En la audiencia de imputación por el homicidio agravado de Ángel López, el niño de 4 años asesinado en Comodoro Rivadavia, el fiscal presenta pruebas contundentes contra la madre biológica Mariela y su pareja Michael González. El informe preliminar de autopsia de la doctora Bévalo revela 22 golpes en el cráneo que provocaron hemorragia cerebelosa, edema cerebral y paro cardiorrespiratorio, sin lesiones viscerales ni signos de accidente.
El padre Luis Armando López y la madrastra Lorena Natalia Andrade asisten como querellantes con enorme tensión: Luis mira fijamente a los acusados, quien baja la mirada y tiembla, mientras fiscales y abogados intentan calmarlo. Michael, señalado como autor material, y Mariela enfrentan cargos por vínculo y a criatura vulnerable; la primera vez se ven cara a cara en la sala.
Testimonios de vecinos como Arevalo describen escenas previas: Michael corriendo con un niño gritando "deténanlo" mientras Mariela lo acusaba de golpear al hijo; Ángel con máscara de Spider-Man cubriendo posibles golpes.
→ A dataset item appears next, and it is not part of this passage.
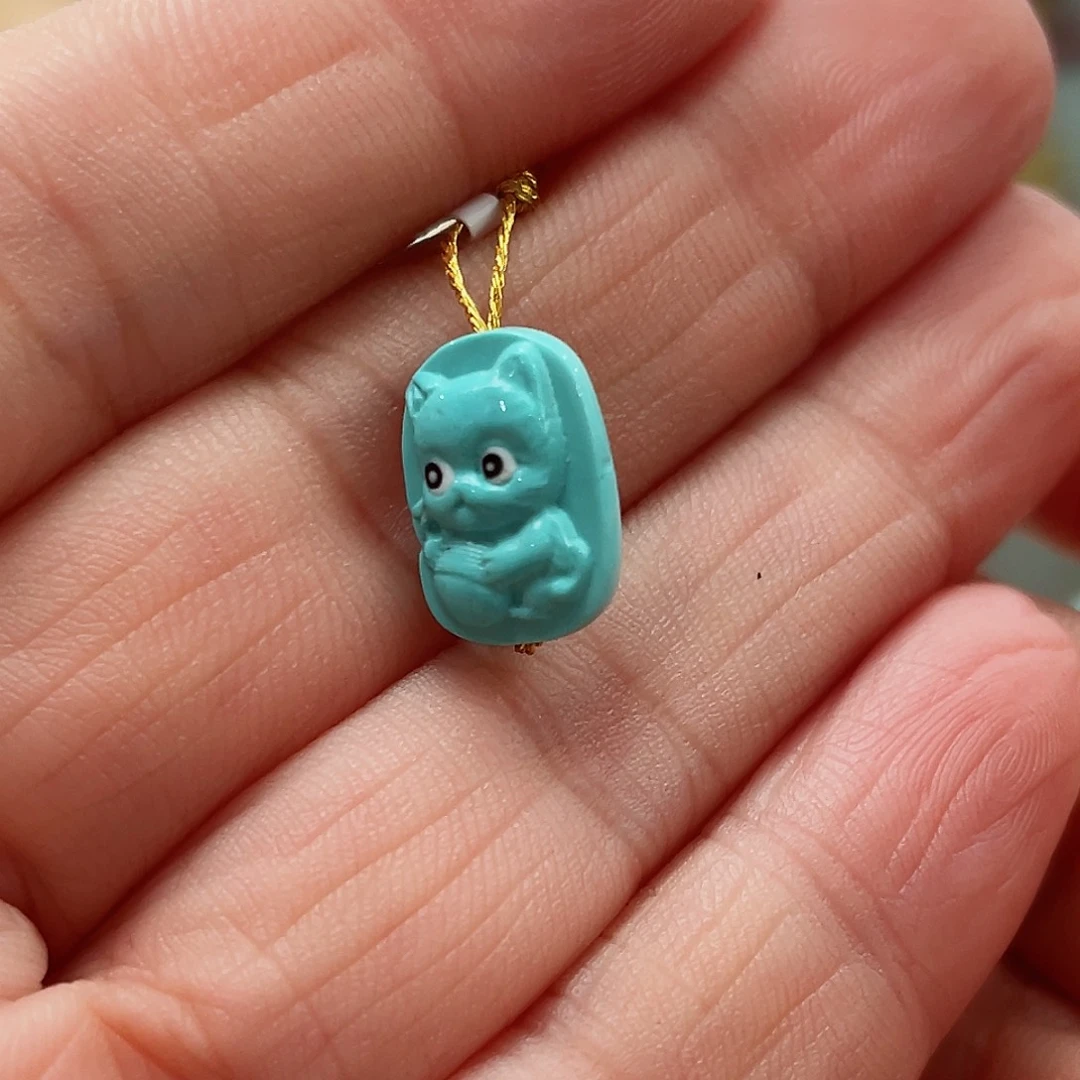 绿松石颈饰未镶嵌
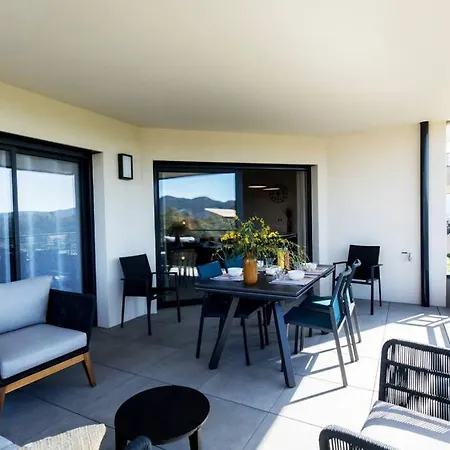 Appt 2 Chambres, Neuf Proche De Toutes Commodites.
Ex parejas revelan historial de violencia: Rocío Villegas sufrió maltrato en gravidez y vio abusos al hijo; Roberto Maidana presenció descuidos y castigos con agua fría a hijo de Mariela.
La maestra notó cambios en Ángel desde vivir con la madre: angustia, baños con agua fría pese a su edad, vómitos y retracción. El fiscal reconstruye que Ángel estuvo aislado con ellos desde Semana Santa, en contexto de violencia sistémica; descarta asma o pileta como causas, confirmando lesiones voluntarias e intencionales.
Ángel agonizó toda la noche tras el golpe fatal el 4 de abril de 2025; Mariela admitió en nota a ADN Sur chequear su respiración por dormir demasiado, pero lo llevó muerto al día siguiente. La audiencia continúa con tecnicismos y emociones a flor de piel.